Supplied entries ->
• • • • • • •

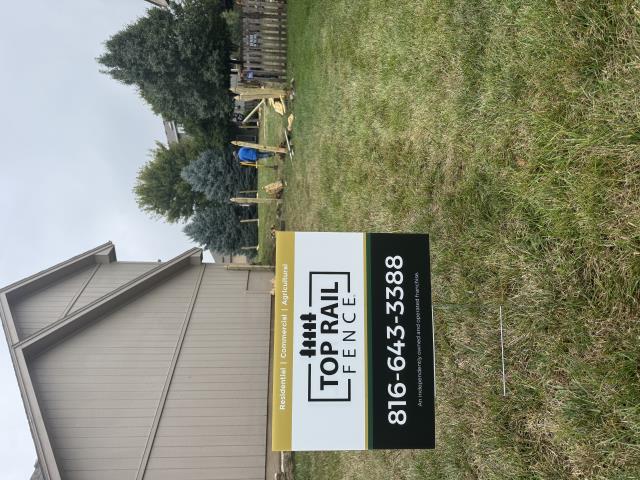 Kansas City, MO - Top Rail Fence completed a four-foot dog-eared cedar picket fence with French Gothic posts.  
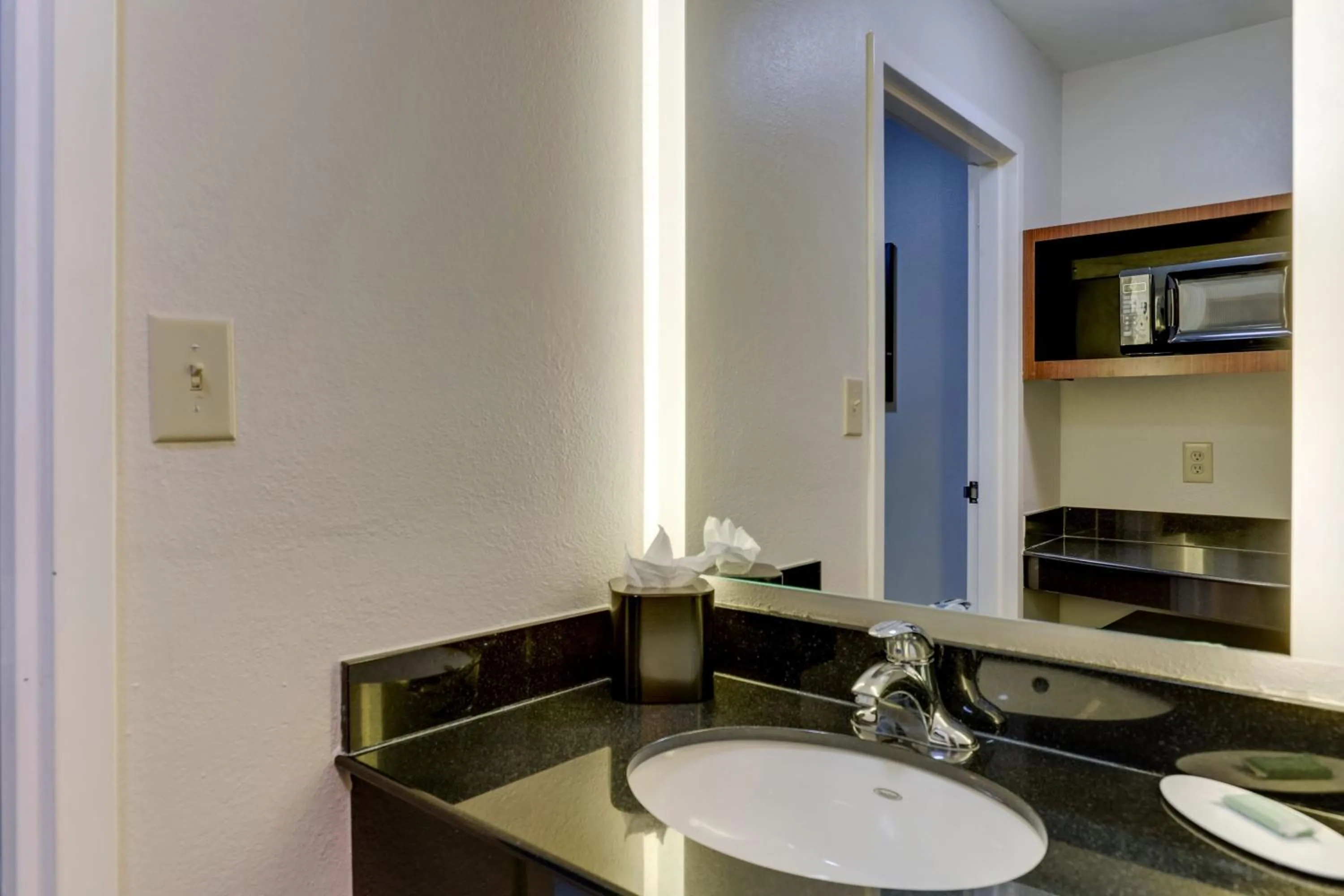 Bathroom in Las Colinas Inn Irving, SureStay Collection by Best Western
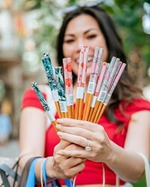 Woman holding an assortment of colorful chopsticks.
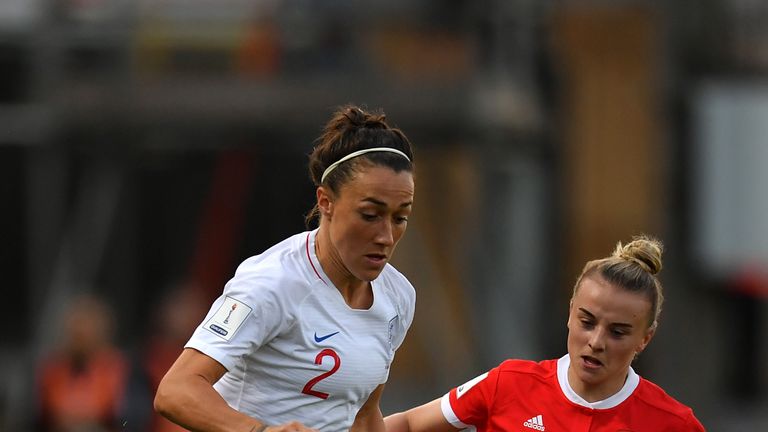 Lucy Bronze holds off Kylie Nolan 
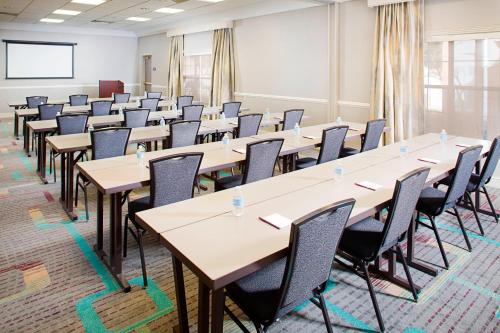 a room with rows of tables and chairs at Residence Inn Dallas Park Central in Dallas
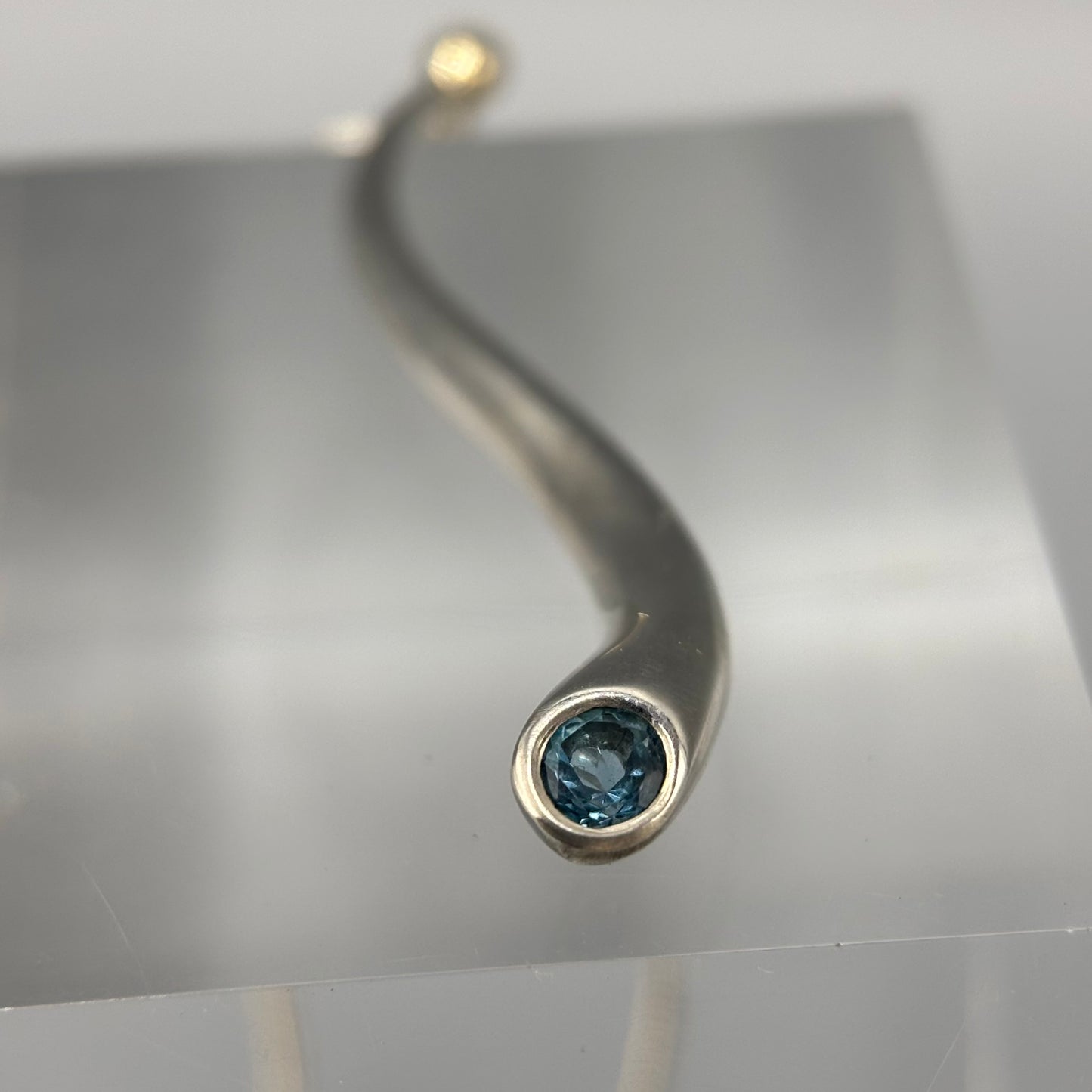 Paul Finch - Pendant: Curving solid silver with blue topaz & solid 18ct Yellow Gold bead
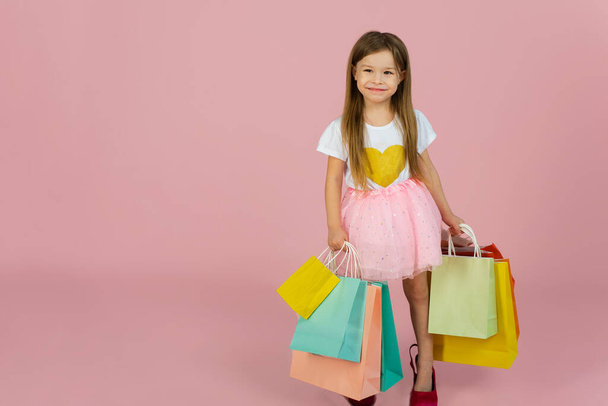 Dívka s mnoha nákupních tašek na pastelově růžový backgound. Krásné sladké okamžiky malé princezny, docela přátelské dítě baví na kameru. - Fotografie, Obrázek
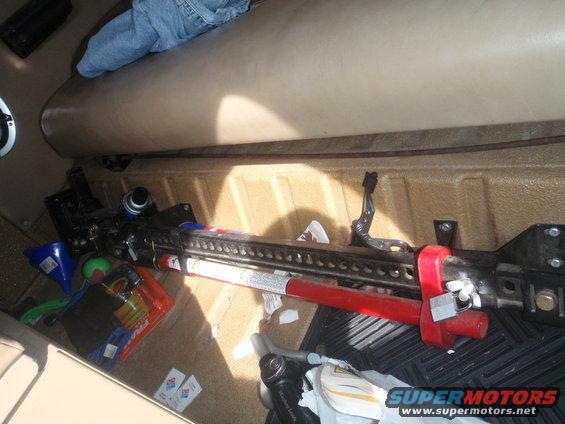 Interior view of a vehicle's cargo area with a Hi-Lift jack, blue funnel, and orange bag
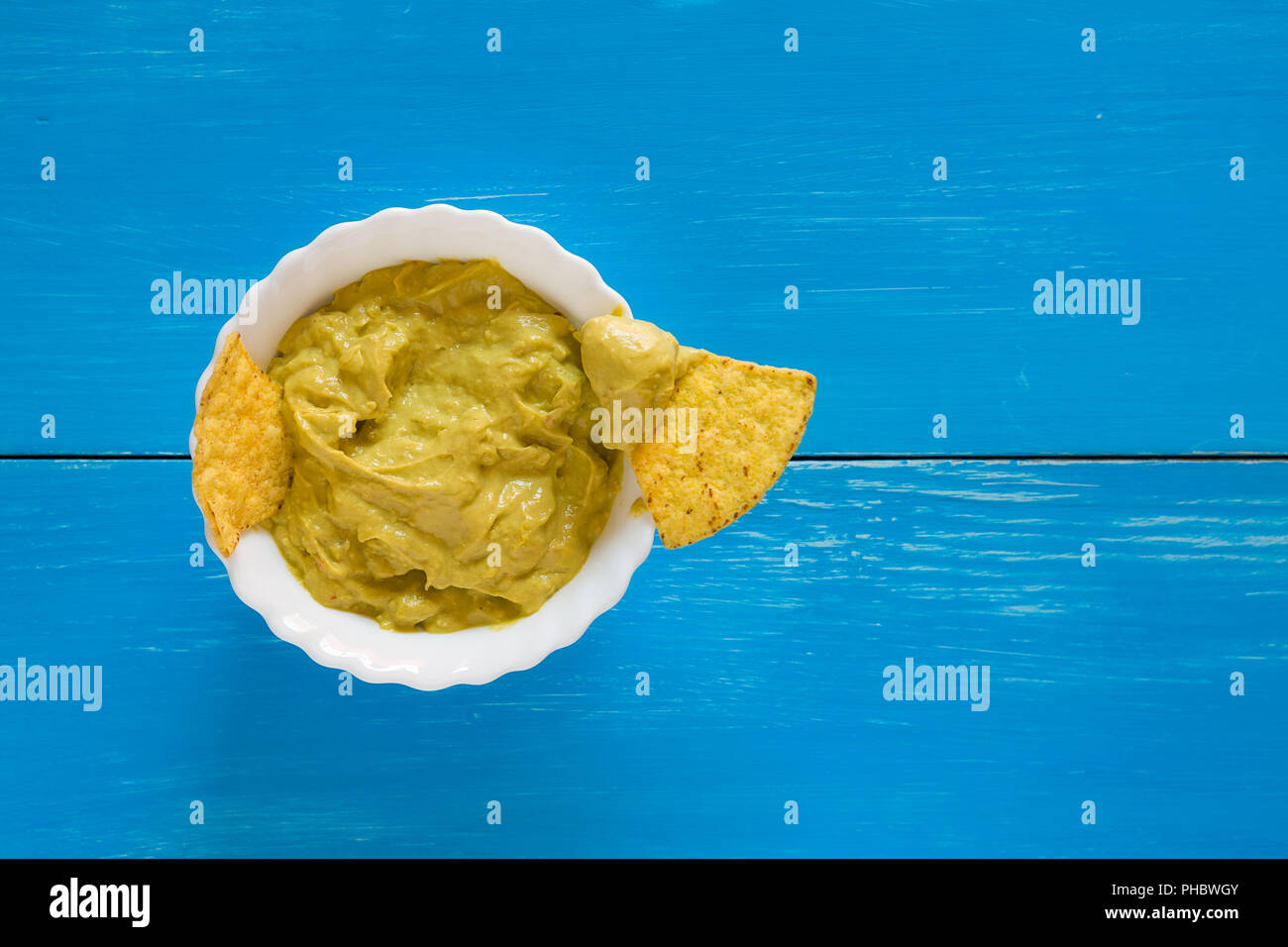 Nachos chips dipping in salsa guacamole over a blue background Stock Photo
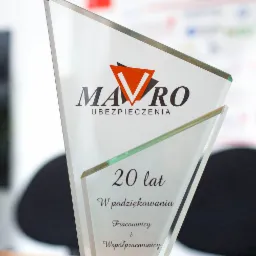 Szklana statuetka z logo firmy ubezpieczeniowej Mavro, upamiętniająca 20-lecie działalności, z dedykacją dla pracowników i współpracowników z roku 2019, na drewnianym biurku.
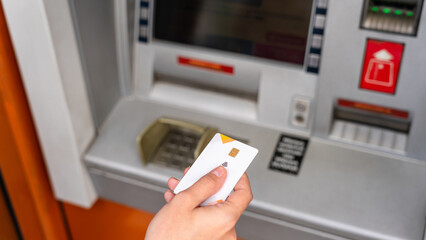 Atm cash machine. Money bank credit card holding hand. Withdraw money cash from atm. Money dollar, bank credit card.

• • • • • • •

Your task ->
Copy only this from above: the line containing "Lucy Bronze holds off Kylie Nolan", the line containing "Interior view of", and all lines between, printed exactly. Leave out the pictures.

Answer space ->
 Lucy Bronze holds off Kylie Nolan 
 a room with rows of tables and chairs at Residence Inn Dallas Park Central in Dallas
 Paul Finch - Pendant: Curving solid silver with blue topaz & solid 18ct Yellow Gold bead
 Dívka s mnoha nákupních tašek na pastelově růžový backgound. Krásné sladké okamžiky malé princezny, docela přátelské dítě baví na kameru. - Fotografie, Obrázek
 Interior view of a vehicle's cargo area with a Hi-Lift jack, blue funnel, and orange bag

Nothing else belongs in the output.